US 12,172,309 B2
Systems and methods for learning agile locomotion for multiped robots
Jie Tan, Mountain View, CA (US); Tingnan Zhang, San Jose, CA (US); Atil Iscen, Mountain View, CA (US); Erwin Coumans, Foster City, CA (US); and Yunfei Bai, Fremont, CA (US)
Assigned to GOOGLE LLC, Mountain View, CA (US)
Appl. No. 17/047,892
Filed by Google LLC, Mountain View, CA (US)
PCT Filed Apr. 22, 2019, PCT No.

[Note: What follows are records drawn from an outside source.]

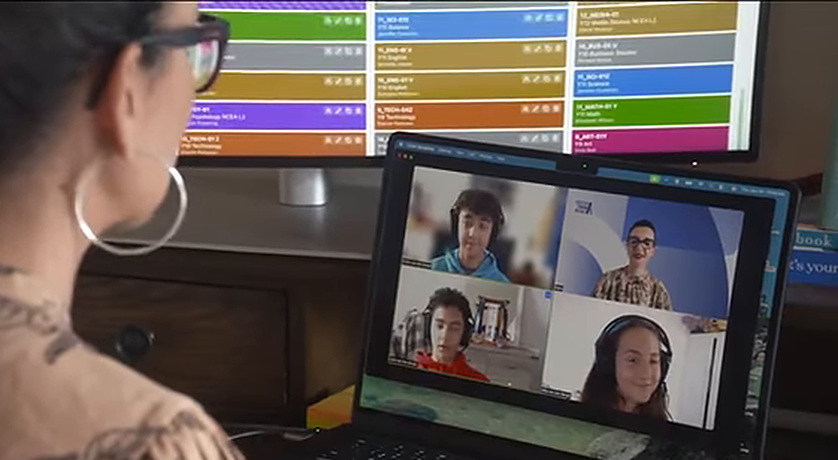 A colour-coded class timetable on screen beside a live online lesson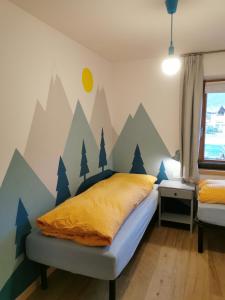 1 dormitorio con 1 cama con un mural de montaña en la pared en Appartamento Engy, en Livigno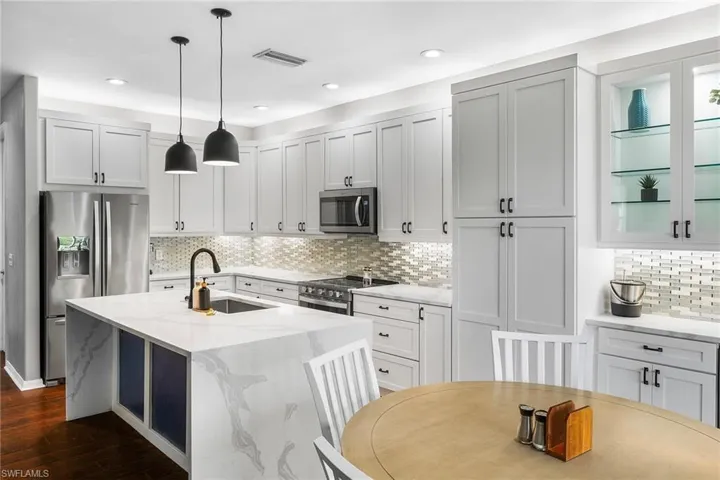 Kitchen featuring backsplash, light stone counters, stainless steel appliances, dark hardwood / wood-style flooring, and pendant lighting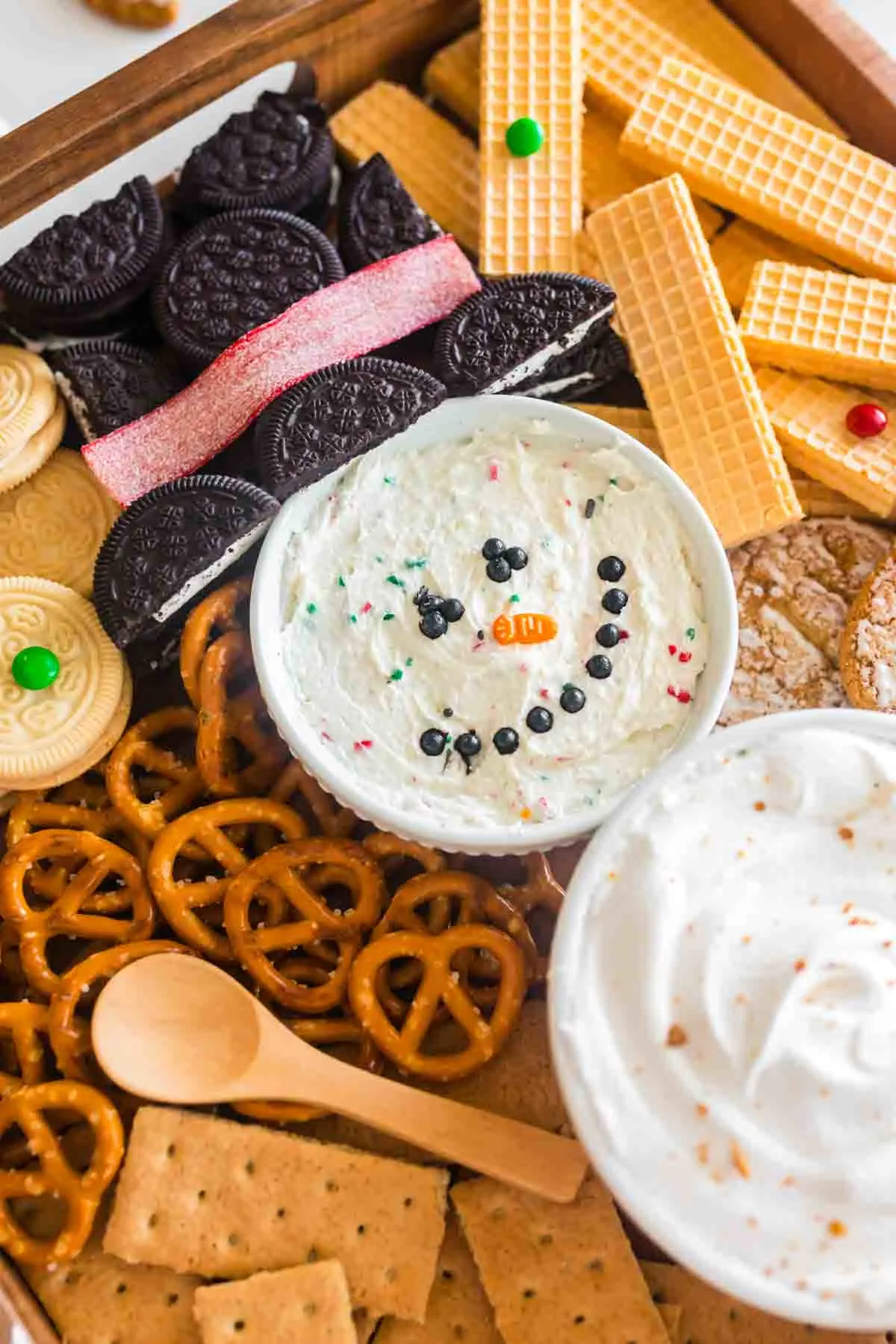 a close up of the snowman smiley face dessert dip with oreos as the hat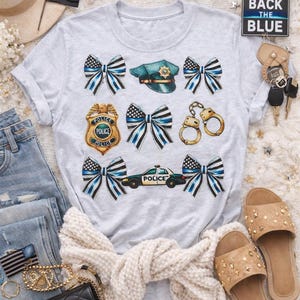 以下が含まれることがあります： 警察をテーマにしたグラフィックが特徴のライトグレーのTシャツ。リボン、警察バッジ、パトカー、手錠などが描かれています。シャツには警察の帽子のデザインもあります。アクセサリーには、黒いハンドバッグ、サンダル、細い青い線の旗が含まれています。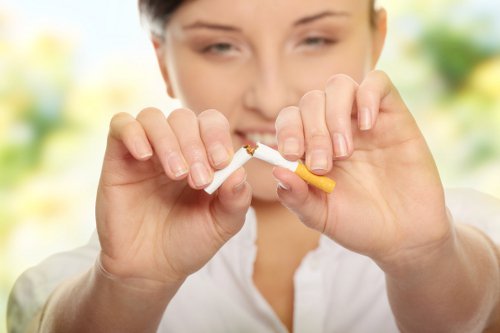 kvinne brekker en sigarett i to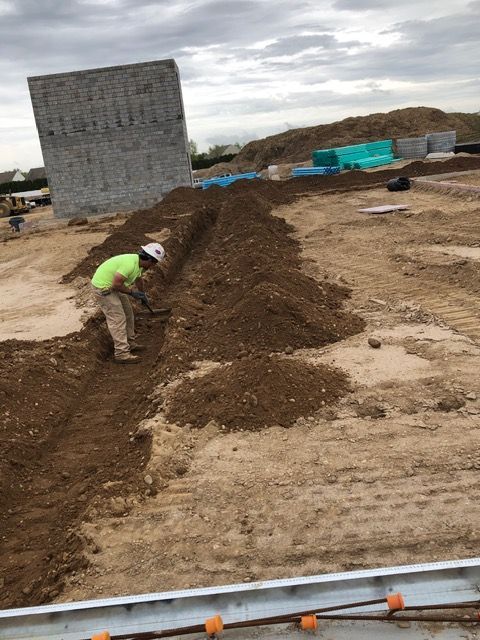 Worker spreading dirt along a trench at a construction site, with concrete blocks and equipment nearby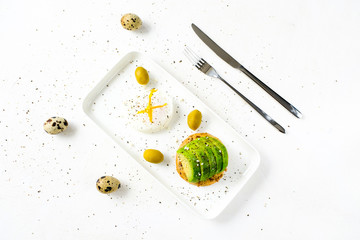 Healthy food concept: toast with avocado, green olives and poached egg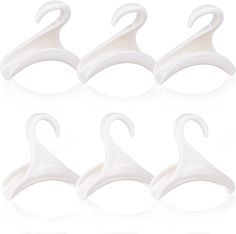 six pairs of white plastic hangers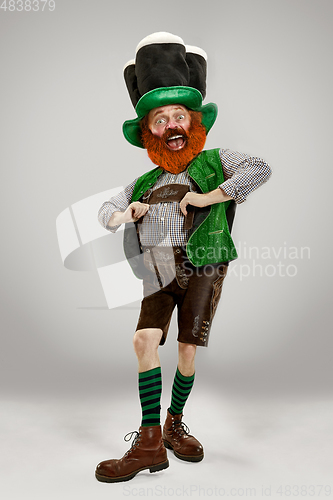 Image of Excited leprechaun in green suit with red beard on white background
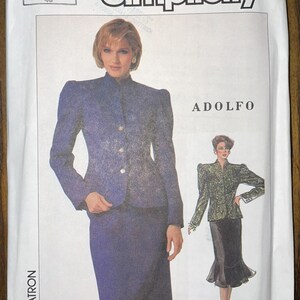 May include: Simplicity sewing pattern featuring an Adolfo design. The pattern includes a jacket and skirt ensemble. The image shows a woman wearing the suit. The pattern is size 12, with an Eur size of 40.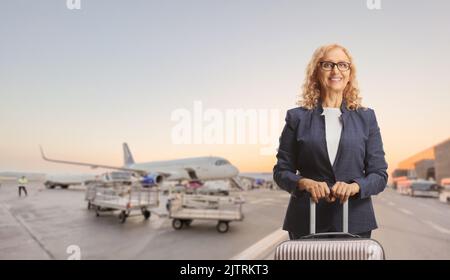 Donna d'affari con una valigia in posa in aeroporto Foto Stock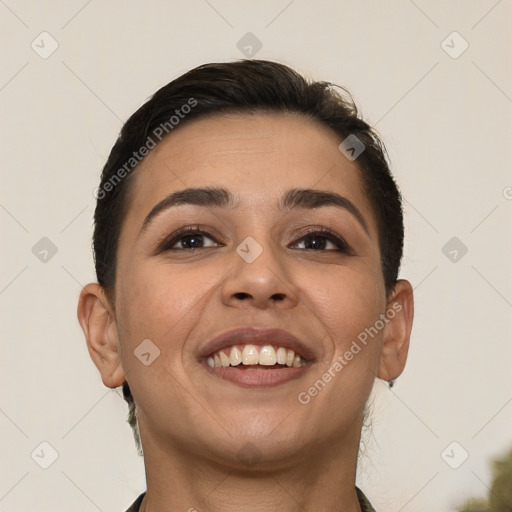 Joyful white young-adult female with short  brown hair and brown eyes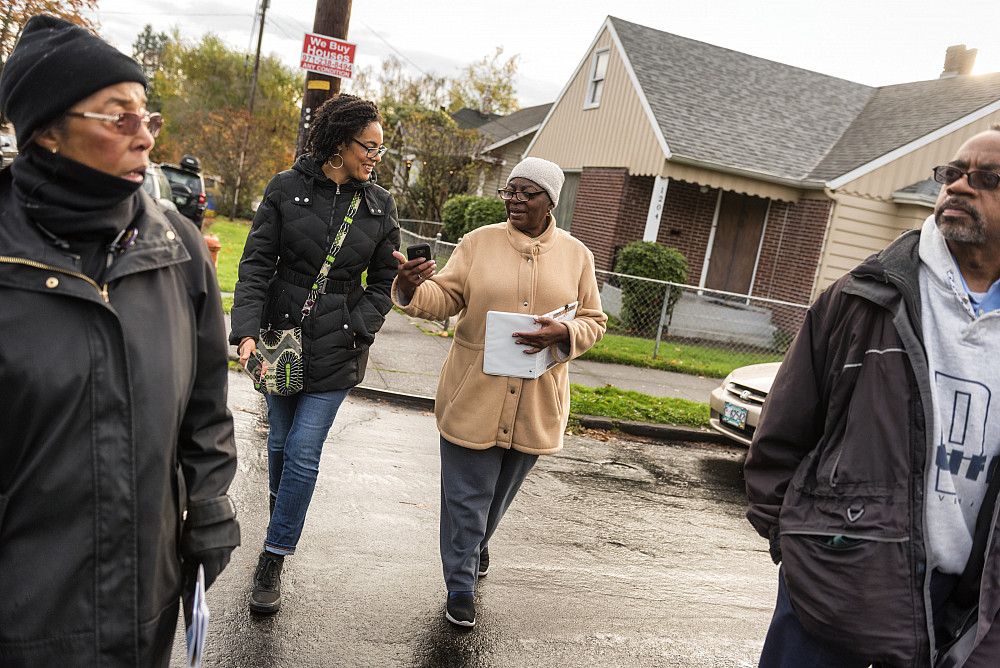 From left: Shirley Minor, Raina Croff'99, Deloris Griggs, and Cecil Prescod on a recent walk in Portland. We buy houses, the sign on...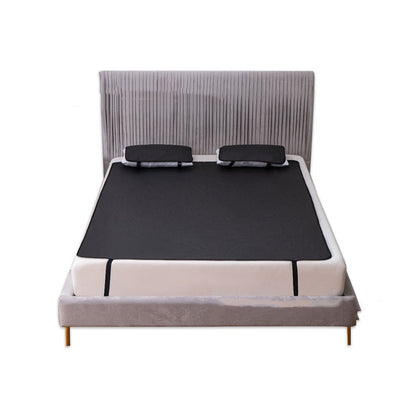 Grounding earthing bed mat spread across a mattress and held by securing straps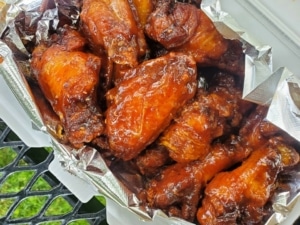 A close up of a foil packet overflowing with saucy wings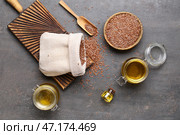 Банки с льняным маслом и деревянная чаша с семенами на сером фоне. Стоковое фото, фотограф Pixel_shot / Фотобанк Лори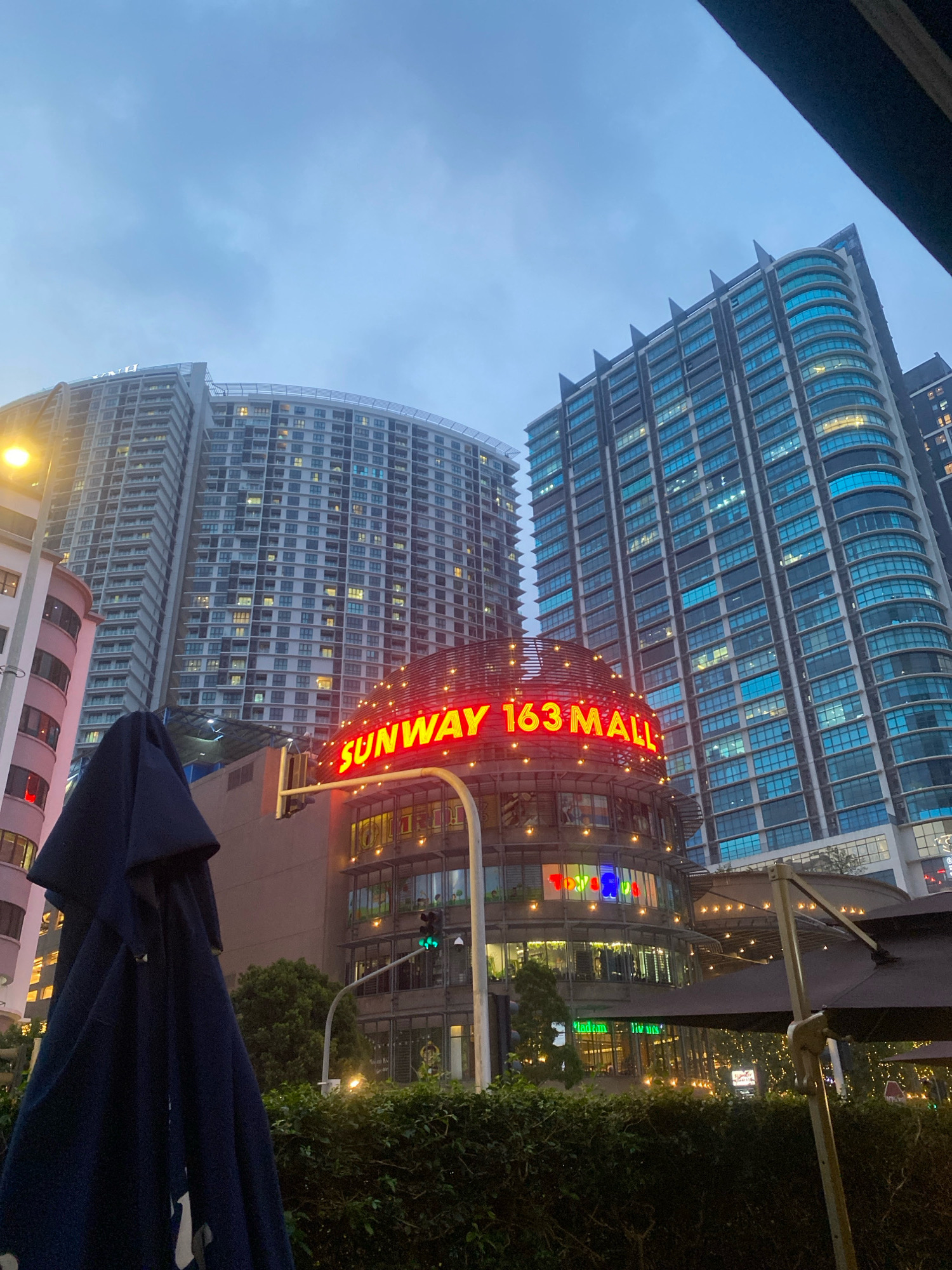 The image depicts a nighttime scene in Kuala Lumpur, Malaysia, featuring a modern cityscape with prominent architecture and signage. In the foreground, a dark blue umbrella, partially furled, dominates the left side of the frame. Behind it, a lush green hedge runs along the bottom. To the right, part of a dark-colored umbrella with a metal pole is visible, casting a shadow.
The central focus of the image is the "SUNWAY 163 MALL" sign, illuminated in bright red neon letters against a rounded, multi-story building. The mall structure itself is adorned with decorative string lights. Adjacent to the mall, two towering modern buildings rise into the evening sky. The building on the right is characterized by its blue-tinted glass facade, reflecting the dim light. The building on the left appears to be residential, with numerous windows illuminated by interior lights.
A traffic light showing a green signal is visible on the mall's facade, indicating ongoing traffic flow. The sky above is overcast, contributing to the twilight atmosphere. The overall scene suggests an urban commercial district, likely a popular spot for shopping and dining, as evidenced by the illuminated mall and surrounding structures. The presence of the umbrella and hedges hints at an outdoor seating area, possibly for a restaurant or cafe.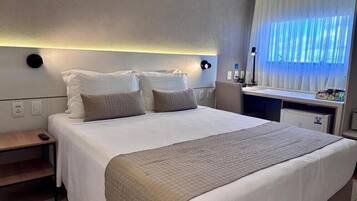 Quarto de hotel com cama, mesa de cabeceira, abajur e janela com cortinas.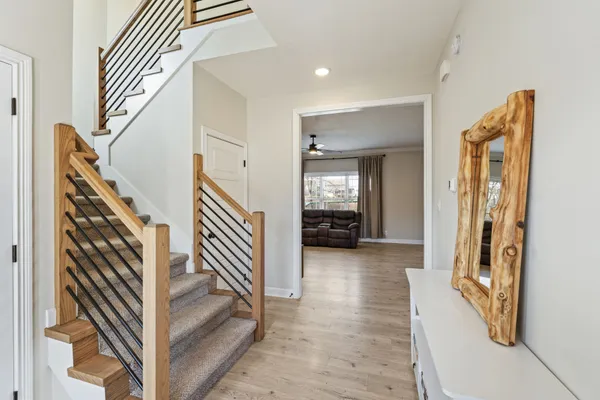 a view of a hallway with closet and stairs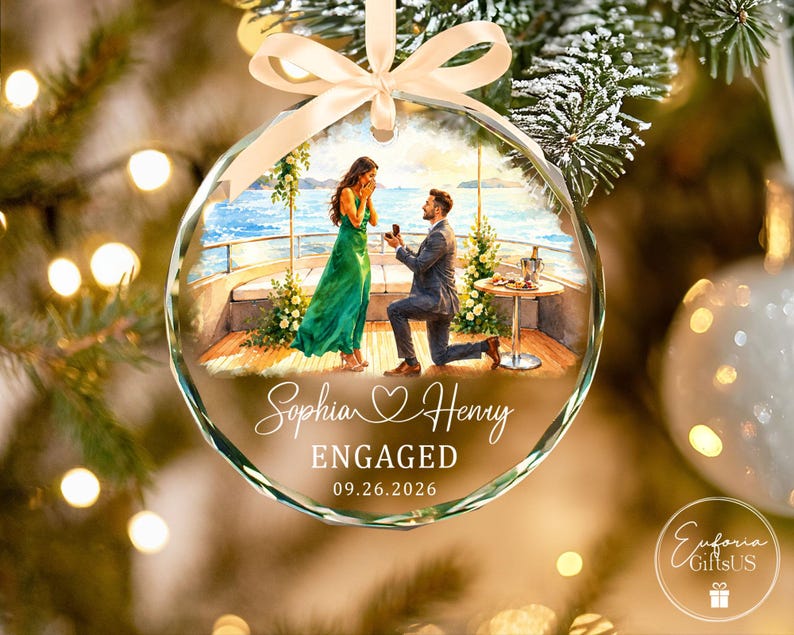 Puede incluir: Un adorno navide&ntilde;o de cristal redondo y facetado con una ilustraci&oacute;n impresa de una propuesta de matrimonio en un barco. El texto dice Sophia, un icono de coraz&oacute;n, Henry, ENGAGED y 09.26.2026. Una cinta beige claro est&aacute; atada en la parte superior.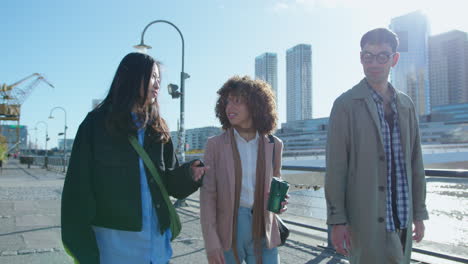 young business people walking on urban riverbank and having talk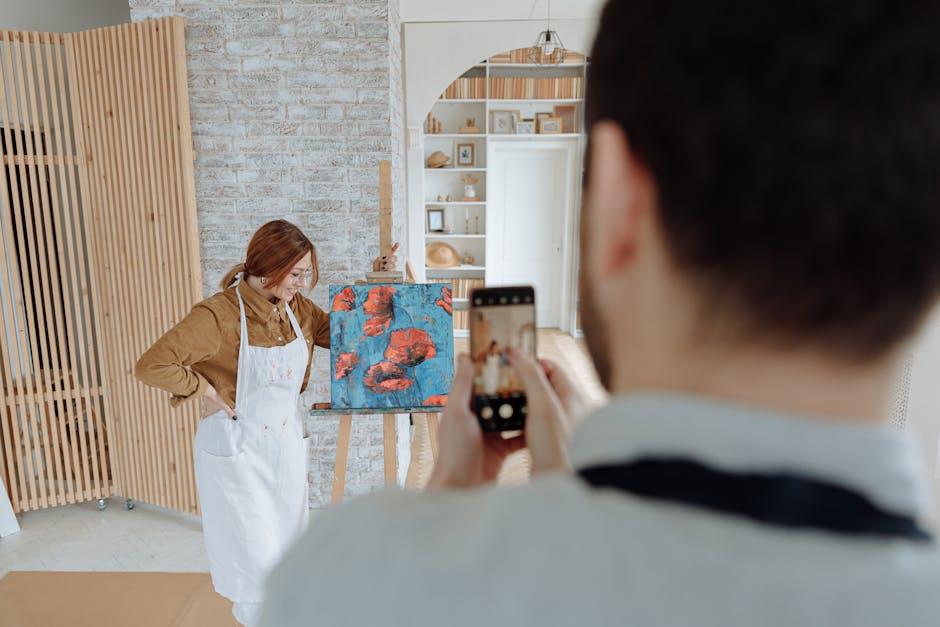 Creative artist posing with a colorful abstract painting in an indoor studio setting.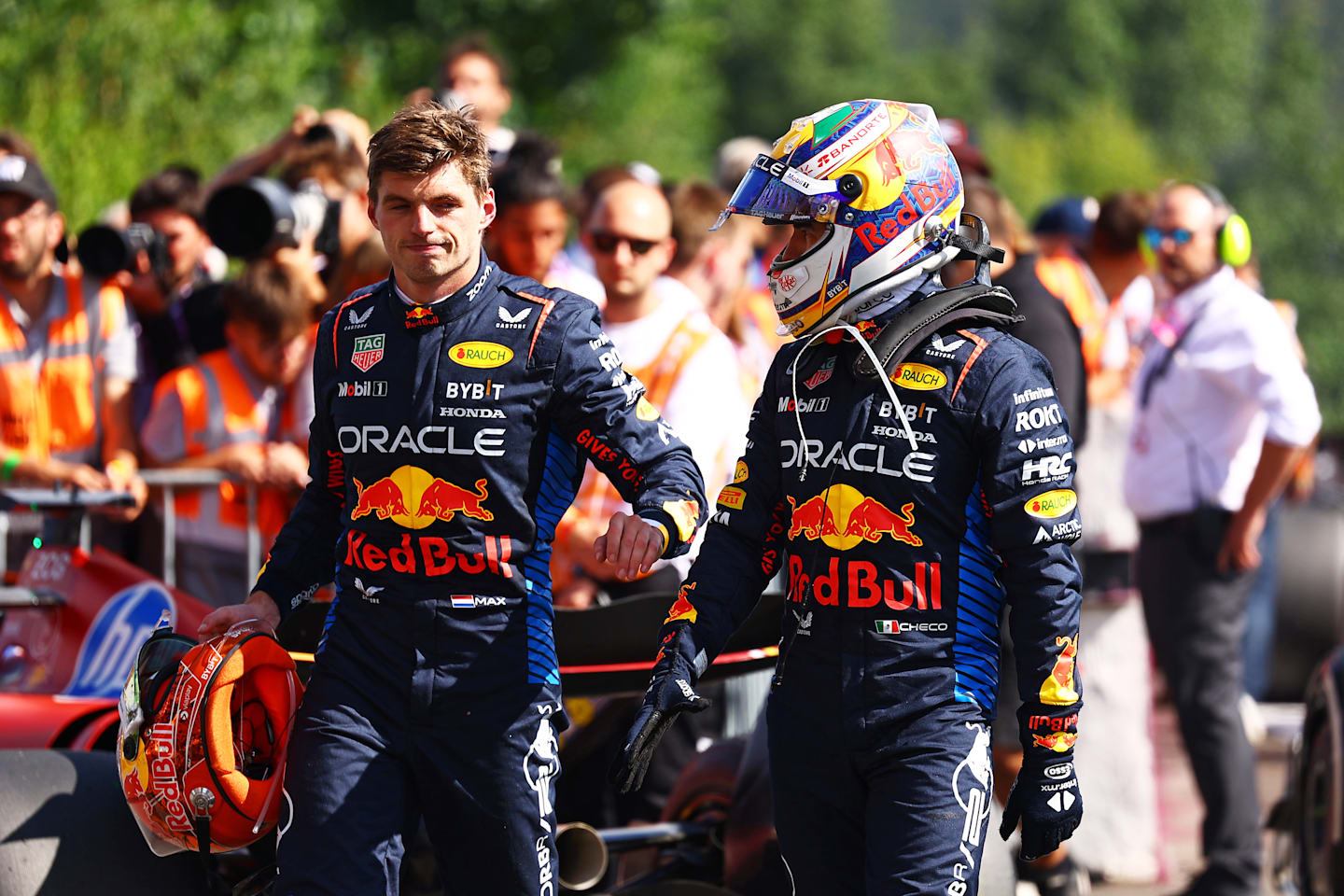 SPA, BELGIUM - JULY 28: 5th placed Max Verstappen of the Netherlands and Oracle Red Bull Racing and 8th placed Sergio Perez of Mexico and Oracle Red Bull Racing talk in parc ferme during the F1 Grand Prix of Belgium at Circuit de Spa-Francorchamps on July 28, 2024 in Spa, Belgium. (Photo by Mark Thompson/Getty Images)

PCT/US2019/028454
§ 371(c)(1), (2) Date Oct. 15, 2020,
PCT Pub. No. WO2019/209681, PCT Pub. Date Oct. 31, 2019.
Claims priority of provisional application 62/661,055, filed on Apr. 22, 2018.
Prior Publication US 2021/0162589 A1, Jun. 3, 2021
Int. Cl. B62D 57/032 (2006.01); B25J 9/16 (2006.01); G05D 1/00 (2024.01); G06N 3/042 (2023.01); G06N 3/08 (2023.01)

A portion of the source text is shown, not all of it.